Which free markets were those?
 
The question of why shoes cost a hundred dollars and people are paid so little for making them has to do with government protection of corporate monopolies.
Yep. I was going to say, because people asked me about risk, that it’s funny how a lot of these big corporations and big businessmen often seem to receive help when in trouble. It’s always the people lower down working for them, who end up with nothing, yet the people at the top seem to be able to go bankrupt over and over and yet still somehow end up multimillionaires. They must just be super smart businessmen riiiight?
 
Are you making an ad hominem argument? You answer my question, I’ll answer yours.
No. An ad hominem argument would go something like this, “Are you still a dumb student?”
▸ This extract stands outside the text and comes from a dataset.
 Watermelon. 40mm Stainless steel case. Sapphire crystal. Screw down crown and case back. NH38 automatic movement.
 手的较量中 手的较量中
I didn’t see a question that you posed? Happy to answer.
 
I was a student in college when I made this account. I am no longer in college. Now, why do you ask?
 
I was a student in college when I made this account. I am no longer in college. Now, why do you ask?
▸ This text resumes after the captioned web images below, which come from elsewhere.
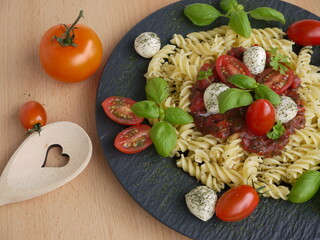 Pasta mit Tomate Mozzarella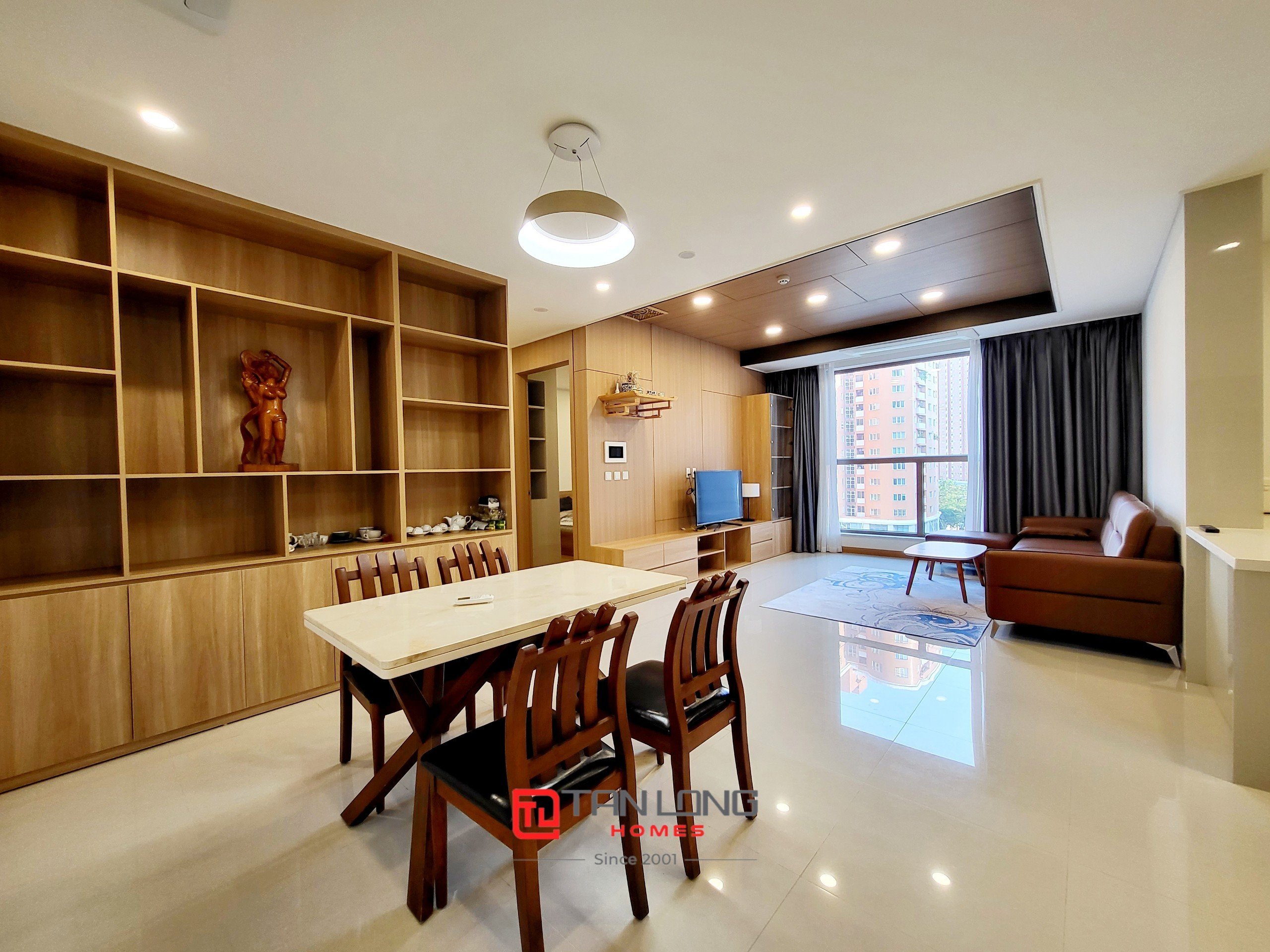 Cho thuê căn hộ 2 ngủ 101m2 full đồ mới, view đẹp, giá rẻ tại Starlake 4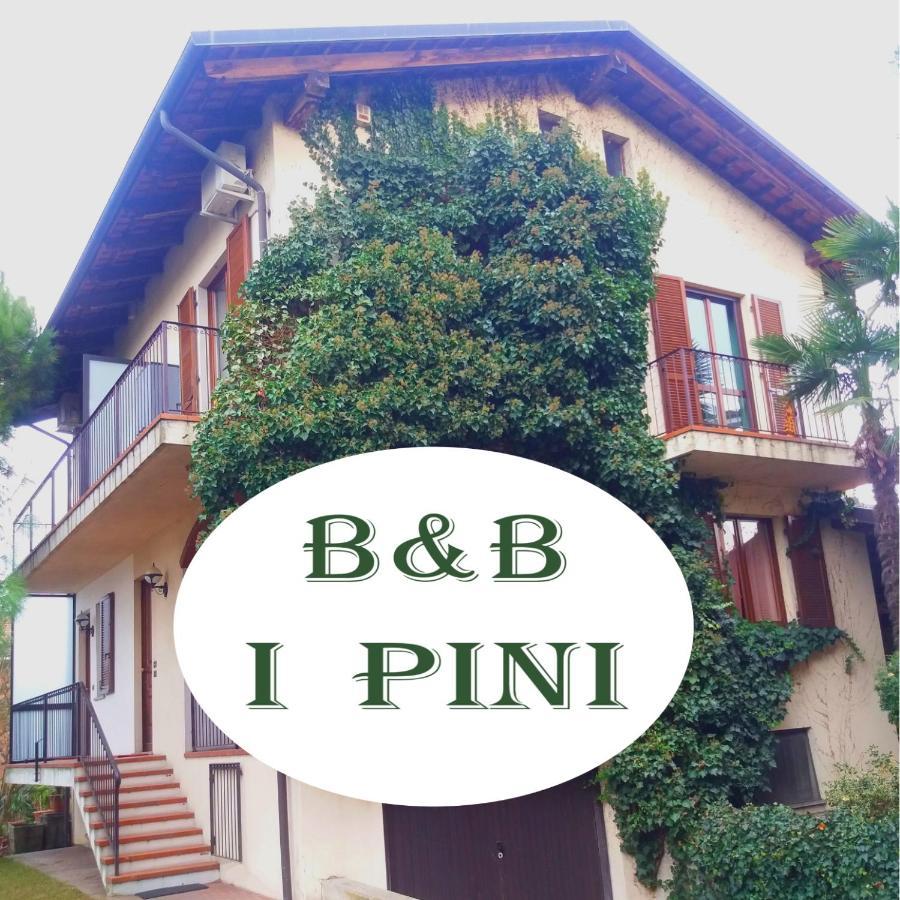 I Pini B&B Castagnito Exteriör bild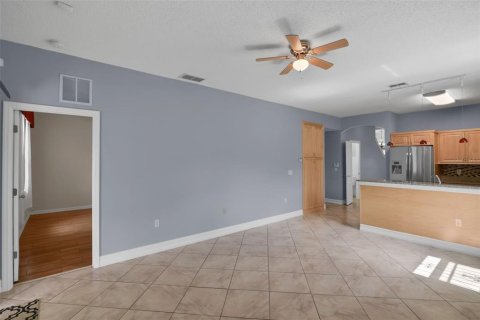 House in Orlando, Florida 3 bedrooms, 178.37 sq.m. № 1792042 - photo 11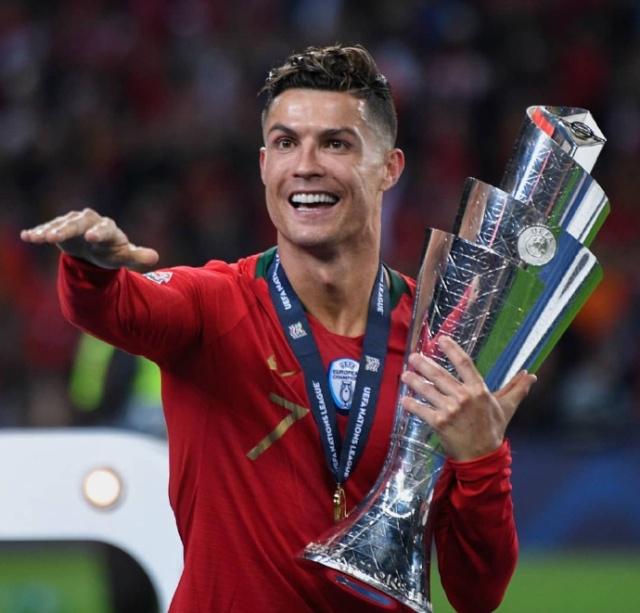 TA评2026世界杯百大球星：姆巴佩居首，梅西第8、C罗第25（TA发布2026世界杯百大球星榜：姆巴佩第一，梅西第8，C罗第25）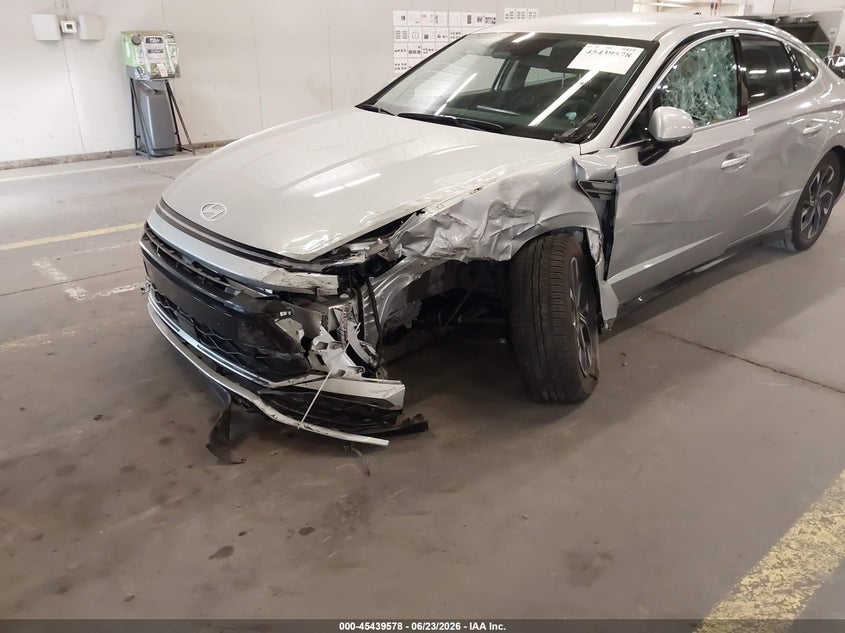 2024 HYUNDAI SONATA auction photo 6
Just curious. You seem to know a great deal about “corporate monopolies” and I was wondering what your direct experience was.
 
Yep. I was going to say, because people asked me about risk, that it’s funny how a lot of these big corporations and big businessmen often seem to receive help when in trouble.
Why do you think big businesses would receive help when in trouble?
 
Just curious. You seem to know a great deal about “corporate monopolies” and I was wondering what your direct experience was.
So one needs ‘direct experience’ to know how patents and copyrights work? How would one acquire such experience?